This month, I discuss how you, as a software developer, can measure your work; I describe what to measure and the benefits of doing so. Next month, I'll step up a level to look at project and organization metrics.

Computer science is different from software engineering. Compare these definitions:

  • Computer science. "The systematic study of computing systems and computation. The body of knowledge resulting from this discipline contains theories for understanding computing systems and methods; design methodology, algorithms, and tools; methods for the testing of concepts; methods of analysis and verification; and knowledge representation and implementation." 1

  • Software engineering. "(1) The application of a systematic, disciplined, quantifiable approach to the development, operation, and maintenance of software: that is, the application of engineering to software. (2) The study of approaches as in (1)."2

Computer science forms a basis for software engineering, but software engineering is broader in scope and less concerned with theoretical results. In short, software engineering is like other engineering disciplines: It focuses on applying science and technology to practical problems.

Engineering requires observation, measurement, and calculation of things. For example, an engineer might ask how long it takes to build a certain type of bridge, or how much stress can be placed on a ceiling beam. Established engineering disciplines use a rich set of measures and metrics to predict how long a project will take, how much it will cost, and how well the project succeeded.

By contrast, software engineering practice needs more work. As industry practitioners, we do a poor job of gathering the data necessary to help us plan effectively and deliver products of high quality. Here are a few examples of the reasons -- excuses really -- for our poor performance:

  • Software is unique.

  • We never really do the same thing twice.
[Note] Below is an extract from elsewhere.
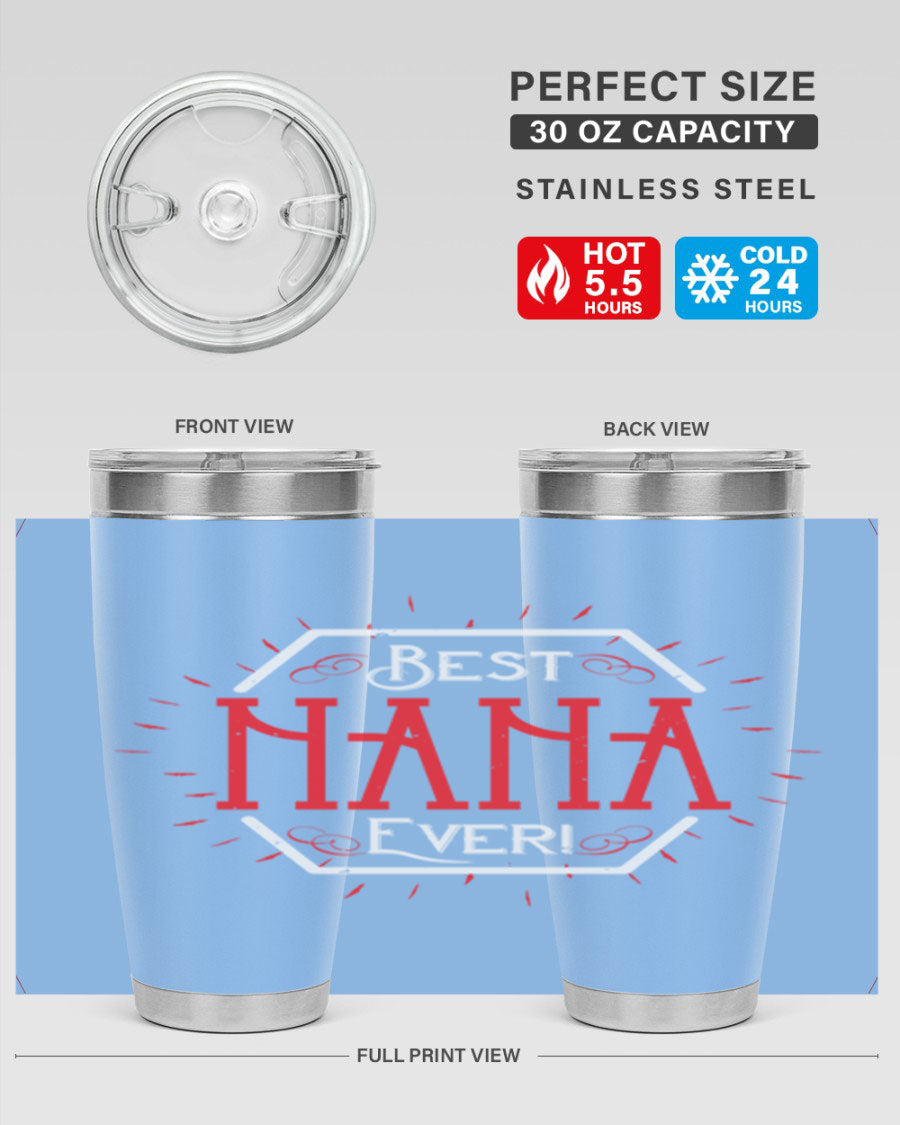 BEST NANA EVER 36# Tumbler featuring double wall vacuum stainless steel design, perfect for hot and cold beverages.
  • Software engineering is a knowledge-based discipline that often requires innovation and experimentation. How can you plan for that?

  • Technology changes so rapidly that any metrics based on one set of technologies may not apply to a different set.

Instead of apologizing for why we don't, or can't, measure, I plan to show you what we can do. In this article, I discuss what we can measure and how our observations can help us be better software engineers.

Measures, measurements, metrics, and indicators

The terms measure, measurement, and metric are often used interchangeably. However, for software engineering purposes, these terms have distinct definitions:

  • A measure (noun) is a quantitative indication of an attribute, such as its size, dimension, or capacity. An example of a measure is the number of defects found in a program. The measure is the raw number.

  • Measurement is the act of determining a measure. To perform a measurement, we measure (verb) the number of defects in the code to give us the defect measure (noun).

  • A metric is a quantitative indication of the degree to which a system or component possesses an attribute. So a metric might be the number of defects per thousand lines of code, which is the defect density metric. In other words, a metric is described in terms of the relationship between measures.

We also need to consider an indicator, a metric or combination of metrics that provides insight into our process or product. An indicator is often expressed as a trend, such as the defect density per month. A decrease in defect density is a good indicator of software quality.3


Why measure your personal work?

You might wonder why it's a good idea to make the effort to measure your work. It takes time to capture data, and that's time you really cannot afford. You probably have a good idea about your strengths and weaknesses as a software developer. However, are you really confident about your current knowledge, the quality of your deliverables, and the speed at which you work? Can you accurately predict the effort required for your next assignment?

Measuring your work is about becoming more accurate and confident in your estimates. It's about improving the quality of your work. It's about knowing yourself better. When you understand your strengths, you can capitalize on them. When you recognize your weak areas, you can work to improve your skills.

To illustrate these points, and to show how intuitive thinking doesn't help us, I relate two stories from a tutorial I attended on the Personal Software ProcessSM (PSP) given by Watts Humphrey from the Software Engineering Institute. Watts presented an overview of how PSP helps improve personal productivity and increase the quality of our products.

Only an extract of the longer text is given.